Starting at the line containing "Fresh Cauliflower Heads" and ending at the line containing "石家庄植物园的网红树，秋日里的鎏金童话", transcribe the listing below exactly. Keep both end lines, skip the pictures, and copy nothing else.

Exercise data
+ + + + + + +

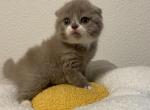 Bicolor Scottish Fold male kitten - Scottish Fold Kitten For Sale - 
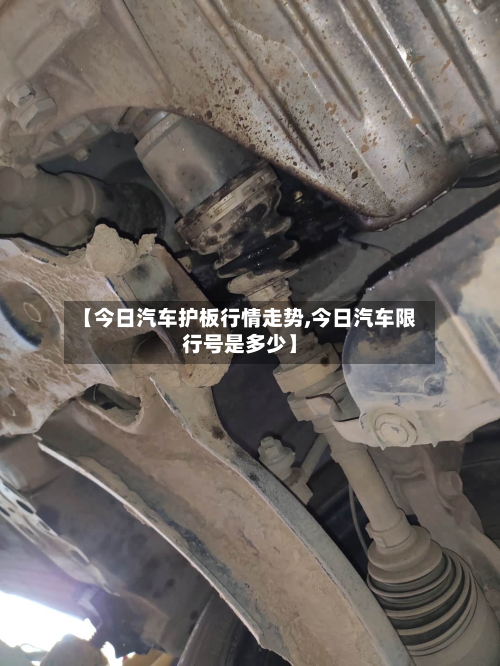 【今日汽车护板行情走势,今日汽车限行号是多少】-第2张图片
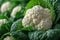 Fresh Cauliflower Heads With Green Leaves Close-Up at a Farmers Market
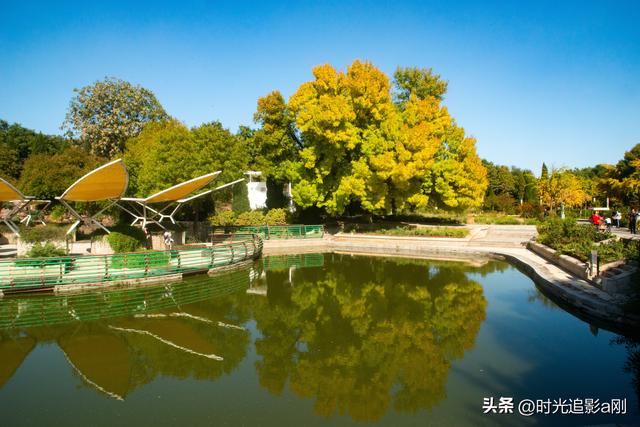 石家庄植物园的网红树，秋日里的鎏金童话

+ + + + + + +

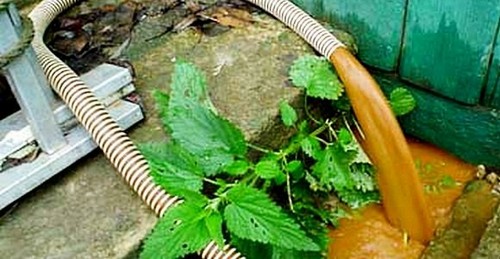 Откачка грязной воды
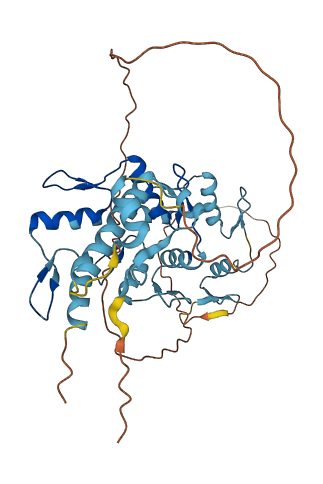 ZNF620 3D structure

+ + + + + + +

Solved exercise
 Fresh Cauliflower Heads With Green Leaves Close-Up at a Farmers Market
 石家庄植物园的网红树，秋日里的鎏金童话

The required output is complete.